The way you're selling this compounds has been one of well, we have a library and we go out and the people like the compound or they don't like the compound, but it's a choice after the fact. So after people have already looked at what compounds they have.

What we intend to do going forward is to use those libraries ourselves and the chemistry that we can have ourselves in order to develop [inaudible] assays and decide which compound we are going to use for a particular assay, but we make that decision rather than leave that decision uniquely to the - to the customer buying compounds.

We will basically use our overall libraries that we have unencumbered by somebody else using it, and therefore, being able to ask for more value in terms of the price for a hit or for a lead or for something going forward, so we'll be able to get much higher potential royalties or milestones on the compound that are not being used by anybody else, so the compounds are just exclusive to us.

Finally, on the financial in R and D, what you see on the R and D line today, after the first half, is also some R and D expenses related to developing those compounds.
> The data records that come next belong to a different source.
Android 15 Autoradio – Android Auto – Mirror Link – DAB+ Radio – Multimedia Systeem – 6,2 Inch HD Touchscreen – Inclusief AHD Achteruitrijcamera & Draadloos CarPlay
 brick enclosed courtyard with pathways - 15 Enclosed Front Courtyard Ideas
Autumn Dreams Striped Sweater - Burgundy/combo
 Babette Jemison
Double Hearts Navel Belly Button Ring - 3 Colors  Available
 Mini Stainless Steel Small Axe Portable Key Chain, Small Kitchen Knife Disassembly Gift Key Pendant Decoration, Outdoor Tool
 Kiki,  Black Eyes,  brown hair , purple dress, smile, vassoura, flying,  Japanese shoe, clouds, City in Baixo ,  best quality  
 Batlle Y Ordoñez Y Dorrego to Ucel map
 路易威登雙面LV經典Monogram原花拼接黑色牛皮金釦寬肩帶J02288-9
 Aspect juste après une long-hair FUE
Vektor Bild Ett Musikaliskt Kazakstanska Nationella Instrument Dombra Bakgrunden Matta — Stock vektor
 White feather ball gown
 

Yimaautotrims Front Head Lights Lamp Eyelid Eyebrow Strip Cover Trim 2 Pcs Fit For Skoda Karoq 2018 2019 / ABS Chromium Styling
Those will go down. They will be disappearing as of Q3. You will not see them anymore. Other things that appear on the R and D line is R and D for - for [microarch], for development of assays, as well as R and D on the IRORI side, on the instrumentation side, for some new technologies which we have not announced that we are in the process of developing that we'll be launching towards the end of the year.

Okay. Now, one follow-up question. If you're not shifting basically your sales strategy to offering, I guess, the compounds as part of an overall service package, what impact is that going to have on the sales cycle? And how long - you know, how many lengthening do you expect from the currently already fairly long, I guess, sales cycle?

I would say - I mean, let me put it this way: The compound, it was one of our short-term valuables, one of those that at the beginning of the quarter is a percentage of unknown on pipeline. Had it been predictable, there would have been no problem. Unfortunately, it came in lumps, totally unpredictable and under incredible price pressure, and the reality is that I'd rather not have - I'd rather have maybe a longer sales cycle but much more predictability than what I've been having in the past.

So the sales cycle is the going to be the one of collaborations rather than the one of product sale. But even now, selling compound has been on the order of, you know, from the first time you meet somebody to the time you get an order, probably be three to six months anyway.

Okay. Thank you.

Thank you. Our next question comes once again from Margot due row. Please restate your affiliation followed by your question.

SWS Securities. Craig, can you give us the depreciation and amortization amount for the quarter? And Riccardo, I had more gotten to ask you the first time. This customer that had a problem with the target, shipping the target to you, do you still expect them to do that? I mean, is this still a customer that you're planning on working with?

Yeah. Let me answer that one very quickly. Actually, they are doing the assay development now.

Okay.

And the answer to the D and A question was, we had 1,438,000 of depreciation and amortization, and then we also had $174,000 on amortization of deferred compensation.

Thank you.

You're welcome.

If there are any further questions at this time, please press star 1 on your push-button telephone.

If there are no further questions, I will turn the conference back to Mr. Pigliucci to conclude.

I'd like to thank all of you for participating to the call. I know it's been a tough quarter, but we're looking forward to talking to you again in the next 90 days, results of Q3 [inaudible] what we've seen so far, and by popular request, some guidance for 2003. Thank you very much.

Ladies and gentlemen, if you wish to access the replay for this call, you may do so by dialing 1-800-428-6051 or 973-709-2089 with an ID number much 251436. This concludes our conference call for today. Thank you all for participating and have a wonderful day. All parties may now 00:53:29 disconnect.